* Supplied records *
________________________
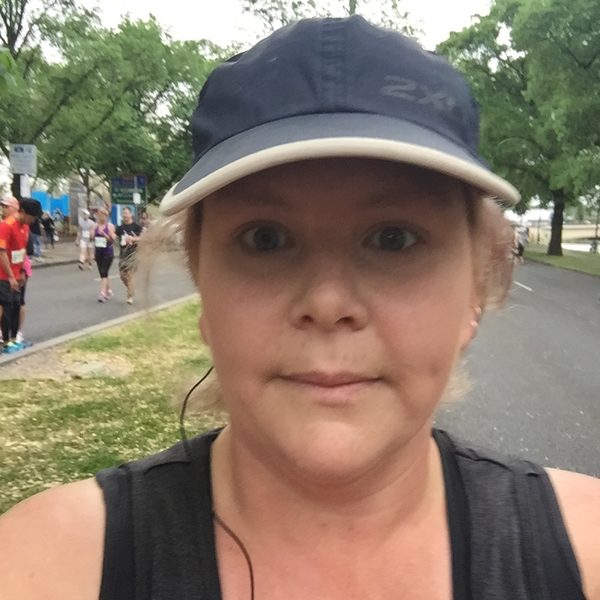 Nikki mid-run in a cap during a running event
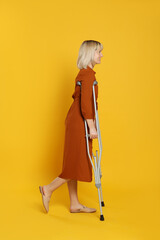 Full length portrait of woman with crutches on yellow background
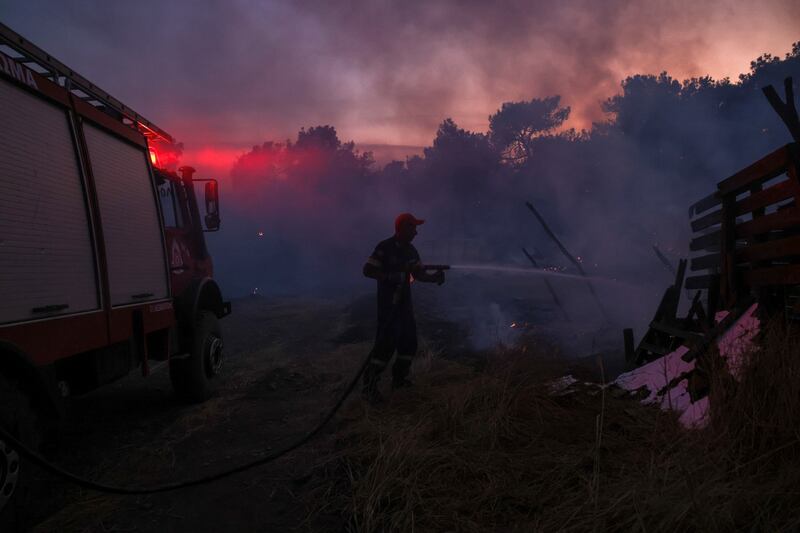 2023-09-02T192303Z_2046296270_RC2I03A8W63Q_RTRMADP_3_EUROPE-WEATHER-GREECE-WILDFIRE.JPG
________________________
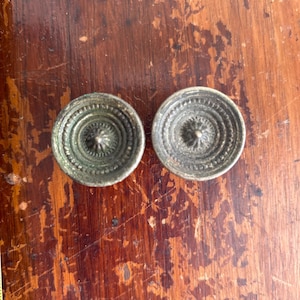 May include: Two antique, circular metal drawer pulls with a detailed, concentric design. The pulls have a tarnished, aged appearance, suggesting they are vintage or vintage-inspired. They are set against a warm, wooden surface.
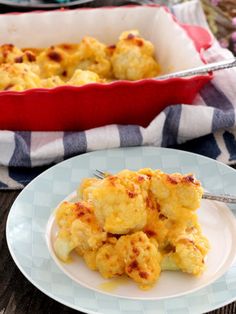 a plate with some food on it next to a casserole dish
________________________
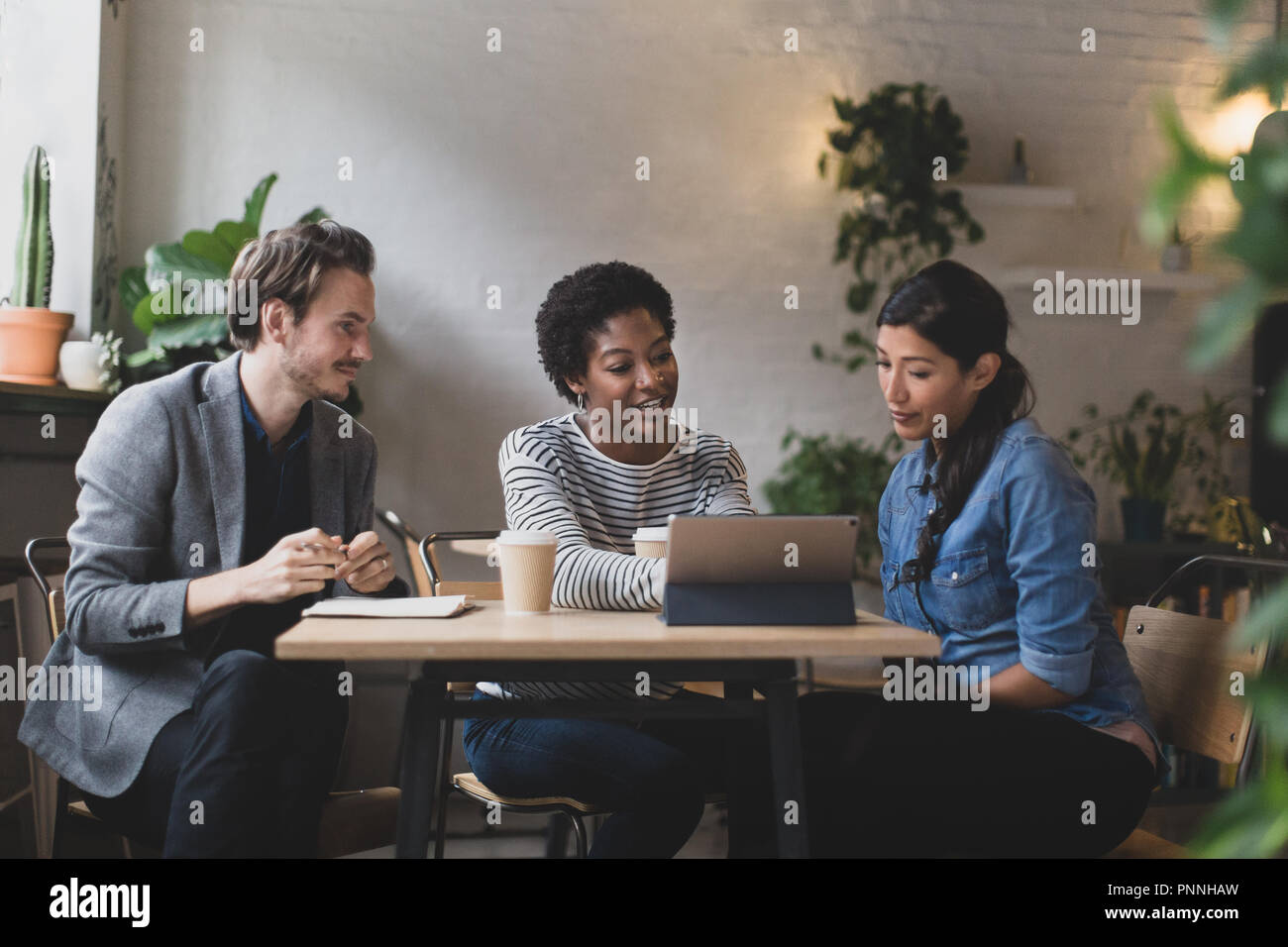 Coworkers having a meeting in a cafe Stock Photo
________________________
Beginning with the line that contains "May include: Two", write out the lines of the material above exactly, and end with the line that contains "a plate with". Omit the pictures.

 May include: Two antique, circular metal drawer pulls with a detailed, concentric design. The pulls have a tarnished, aged appearance, suggesting they are vintage or vintage-inspired. They are set against a warm, wooden surface.
 a plate with some food on it next to a casserole dish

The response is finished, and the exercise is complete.